Quand il aborda pour la première fois ce personnage torturé et rongé par la faute – c’était en 2013 à New York – le chanteur y voyait « un défi, une étape importante », sollicitant sa voix dans une tessiture plus grave que ses emplois habituels. Déjà, il avait relevé ce défi de manière magistrale, digne des accents sublimes et déchirants que Wagner met dans la bouche d’un héros déchu qui aspire au repos éternel, seul capable d’apaiser son tourment.

Une incarnation inoubliable

À la Bastille, Peter Mattei parvient – chose complexe dans une salle bien froide – à distiller une émotion si intense qu’elle met le spectateur (presque) dans l’état du chevalier pécheur. De son timbre si riche d’harmoniques et, à la fois, si clair et percutant, de sa ligne de chant soutenue, expressive et naturelle, et de son tempérament dramatique – il est de ceux dont on dit volontiers que, grâce à eux, la lecture du bottin téléphonique deviendrait un grand moment de théâtre ! – l’artiste tutoie les enfers et le ciel. Ce farouche Don Giovanni (chez Mozart), ce passionnant Eugène Onéguine (chez Tchaïkovski) s’impose comme un Amfortas inoubliable.

À son côté, le plateau vocal se hisse globalement à un très haut niveau même s’il n’atteint pas son exceptionnel magnétisme, depuis les « petits » rôles des chevaliers, écuyers ou filles fleurs, jusqu’aux protagonistes : Klingsor grinçant d’Evgeny Nikitin, Kundry profonde, touchante et sensuelle d’Anja Kampe, Gurnemanz parfaitement chantant – mais un peu impersonnel – de Günther Groissböck et Parsifal vaillant d’Andreas Schager, que son costume de randonneur en bermuda et chaussettes tirebouchonnées ne parvient pas à rendre ridicule.

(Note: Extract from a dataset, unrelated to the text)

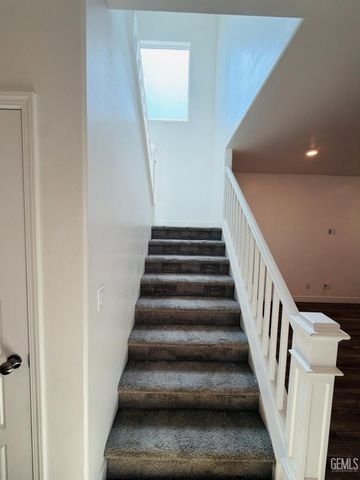 6510 Thunder Trail Drive, Bakersfield, CA 93313
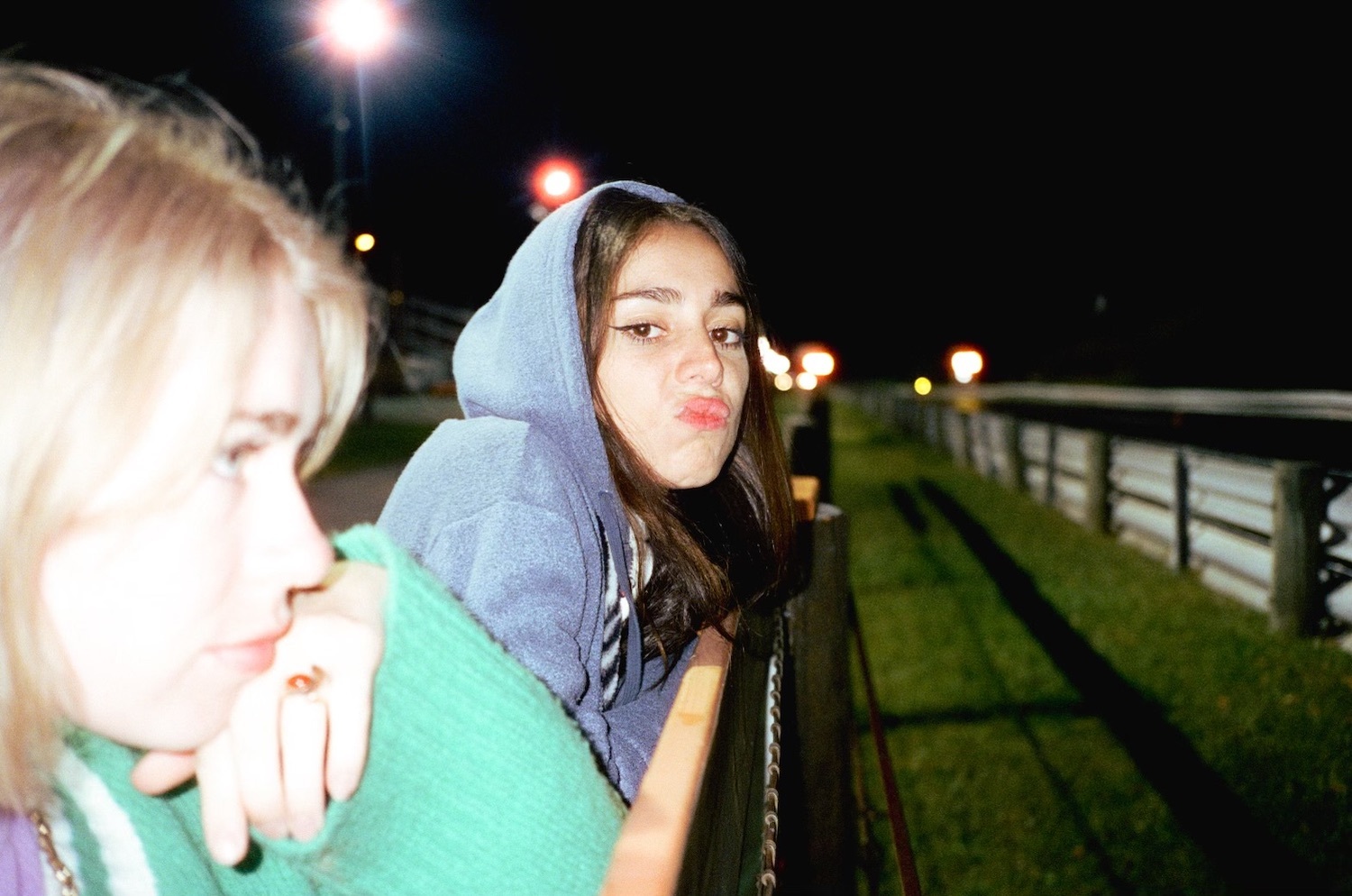 Samia pout hoodie fence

Mise en scène plus que décevante

Cet accoutrement n’est qu’une des nombreuses misères et laideurs que réserve aux interprètes et au public la mise en scène de Richard Jones. Si les formes et les couleurs (lie de vin, maronnasse, vert épinard ou rose jambon pour la barboteuse (!?) du maléfique magicien Klingsor…) sont affaire de goût, la direction d’acteurs inélégante et empruntée, la symbolique assénée et ce qui semble presque un manque de professionnalisme dans la maladresse des effets de lumière sont, eux, des défauts objectifs.

Situer l’intrigue mystique de Parsifal dans un établissement (scolaire, sectaire, vaguement sportif aussi…) où la Parole est unique et l’enrôlement évident, pourquoi pas ? Mais quel besoin d’insister sur les épanchements sanglants de la blessure d’Amfortas, de faire glisser sans cesse le décor du sanctuaire au réfectoire et du réfectoire à la chambre, d’imposer une gestuelle pataude aux chevaliers en survêtement ?

Quant au deuxième acte, il est prétexte à un ballet de filles fleurs, transformées en épis de maïs transgéniques aux seins démesurés, d’une vulgarité confondante. On comprend sans aucune peine que Parsifal leur résiste – déjà beau qu’il ne prenne pas aussitôt ses jambes à son cou…

Orchestre superbe mais direction exsangue

Sonorités superbes, délié des cordes et chant des bois impeccables, nuances d’un constant raffinement, l’Orchestre de l’Opéra de Paris prouve une fois encore que l’écriture wagnérienne et ses sortilèges instrumentaux lui permettent de se hisser parmi les plus envoûtantes phalanges symphoniques. Le mérite de cette cohésion revient certainement en grande part à son directeur musical Philippe Jordan

Pourtant, en dépit de cette beauté plastique, l’auditeur ressent, dès les premières mesures du Prélude pris à un tempo étiré, que quelque chose n’est pas là. Comme si l’on contemplait une série de magnifiques photographies en lieu et place d’un film, ou les mots d’un superbe poème sans être bercé par la musique des phrases. Assister à Parsifal doit constituer une expérience esthétique, sensorielle et émotionnelle qui vous laisse pantois. Vous transforme, vous hante, encore et encore. À la Bastille, elle ne s’accomplit pas.

(1) Après un grave incident technique qui, heureusement, n’a fait aucune victime, les installations scéniques de la Bastille ont dû être vérifiées ce qui a décalé la première du spectacle, initialement prévue le 27 avril, au 13 mai.